Think about the weather
If you’re travelling with young children, you might want to avoid certain times of year to get the most from your trip. While it’s hot and humid year round, the west and east coast will experience different wet seasons. On the east coast, it’s between November and February that you’ll see most of the wet weather, which is when the west coast will be dry and sunny. Then on the flip side, the wettest months on the west coast are April to October, which are the driest months on the east coast. It makes sense to think about what the weather will be like at the time of year you want to visit in the location you have in mind. You might not mind scorching temperatures but it could be an issue for kids. Beach resorts and other activities are also closed at certain times of the year so this is something you’ll need to look after. Time it right for your location, and you can experience a warm, dry trip.
Look for things to do
As a singleton or group of young adults in Malaysia, you can of course go hiking and trekking, you can experience the nightlife and go shopping in incredible destinations like Kuala Lumpur shopping pavilion and markets. But when you have children, you of course need to find things to do that they will enjoy as well. Thankfully, there are lots of family friendly activities that you can all enjoy to get the most out of your trip. There are nature reserves and wildlife tours geared towards little ones. There’s dive training and watersports, summer camps, gardens to explore, water parks and much more. Then of course you have stunning beaches which make for a great day out, there are spectacular green spaces where you can throw a frisbee, have a picnic or hire bikes! There are theme parks, zoos and other animal experiences, there’s more to see and do than you’d ever manage in one trip so it’s definitely not one to rule out because you’re travelling with children. There are plenty of activities and attractions to captivate young minds which make it an incredible family destination.
Enjoy the food
Food and travel go hand in hand, and while you’re away it’s nice to indulge a little as well as use it as an opportunity to learn more about a culture. Great food is something you can all enjoy as a family, and even if you’re self catering there will be no shortage of fantastic, fresh ingredients from local markets and stores. You could treat yourself to the odd restaurant meal and enjoy tasty delicacies being sold by food vendors.The majority of Malaysia’s population can roughly be divided among three major ethnic groups- Malays, Chinese and Indians, and the ingredients and cooking styles reflect the multiethnic makeup. Food is flavourful, spice and heat feature heavily but there are lots of milder dishes too if that’s not your kind of thing. Rice, coconut and soy are ingredients that are widely used, and you can find plenty of delicious curries, noodle dishes and fresh vegetables. There are lots of kid-friendly and family places to eat, or if you’re renting a house you could experiment with your own dishes based on Malaysian recipes. Food brings everyone together, and can be a wonderful element to your trip!

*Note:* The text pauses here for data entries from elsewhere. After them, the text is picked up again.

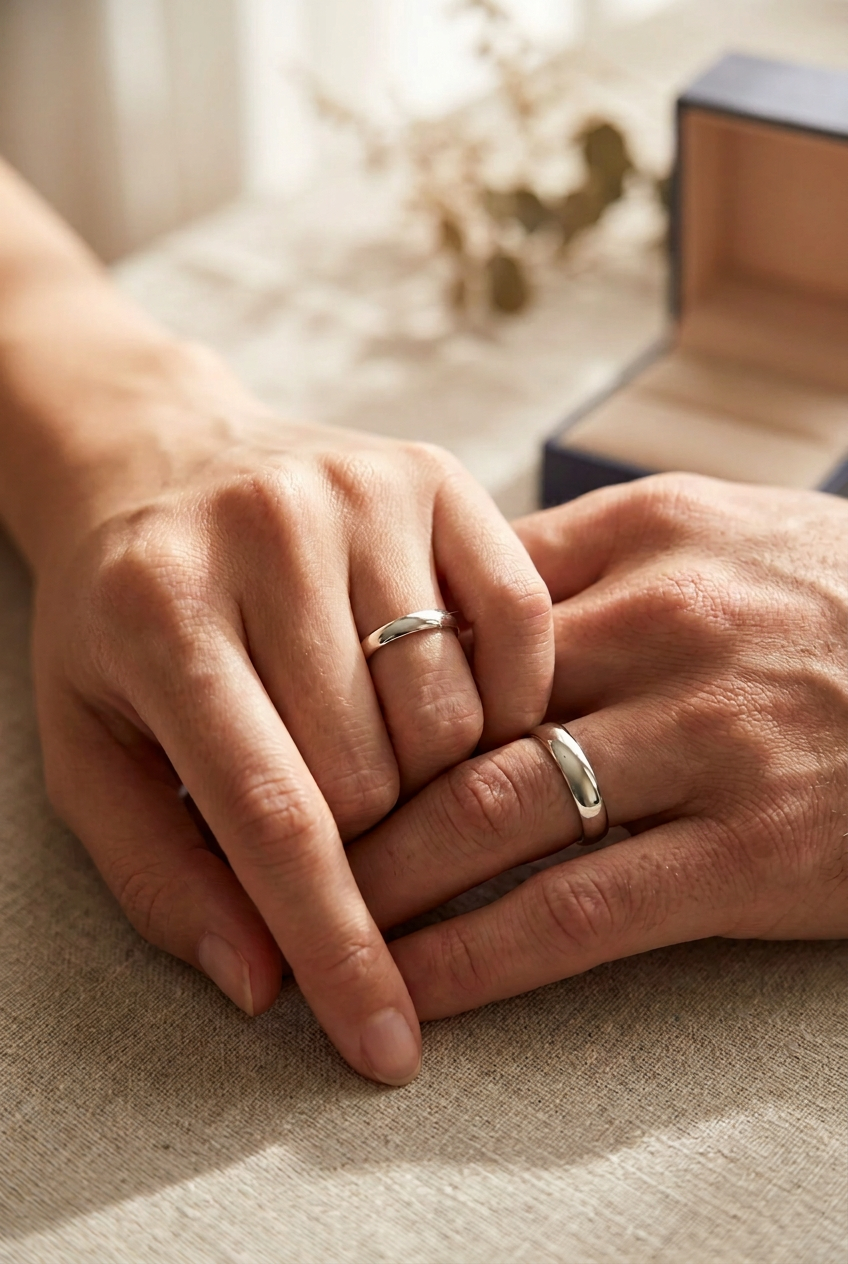 Dúo Anillos de Boda de Estilo Clásico, en Plata de Ley 925.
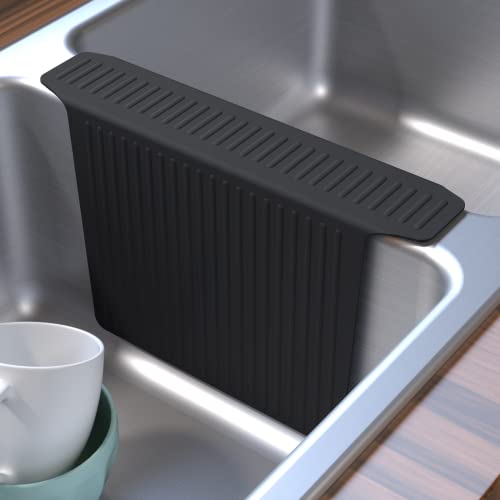Bligli Silicone Sink Divider Mat, Large Durable Sink Saddle Pad with No Suction Cup, Kitchen Divided Sink Protector Mat for Glassware Dishes, Easy to Clean and No Smell, 12.8" x 17.6" (Black,1 PACK)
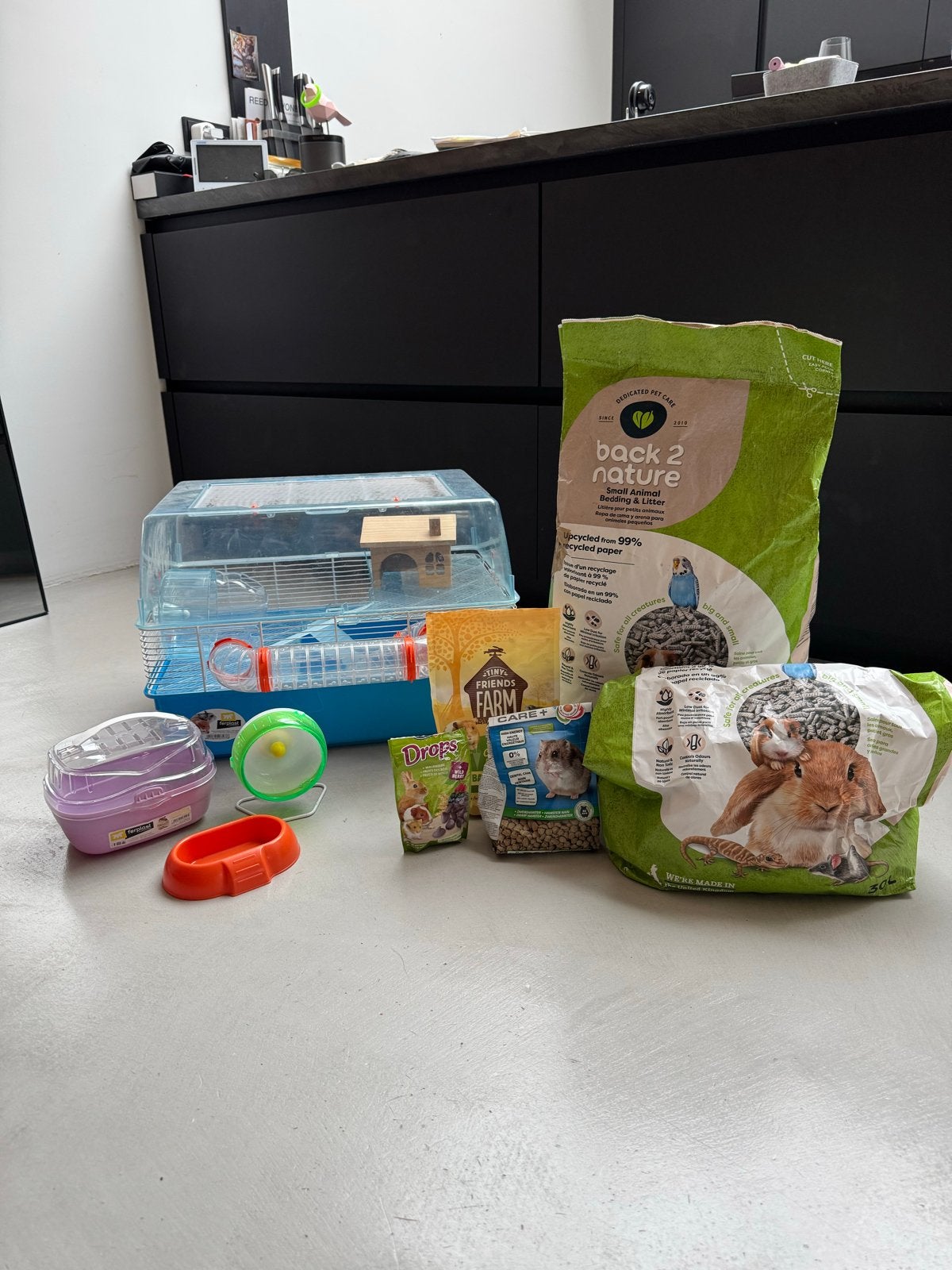 Ferplast hamsterkooi zeer compleet, Ophalen, Zo goed als nieuw, Transportkoffer of -box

Perhaps Malaysia was a destination you had on your bucket list as a young adult, but since having children it’s one that you’ve ruled out. If so, it’s time to think again as it can make an excellent family getaway. Just bear in mind current safety advice, and be sure to do your research so you’re getting the best weather conditions. And from there, you can all have an amazing Asian adventure!
Have you been to Malaysia as a family? If so, would you recommend it to anyone thinking of going, and what advice would you give them?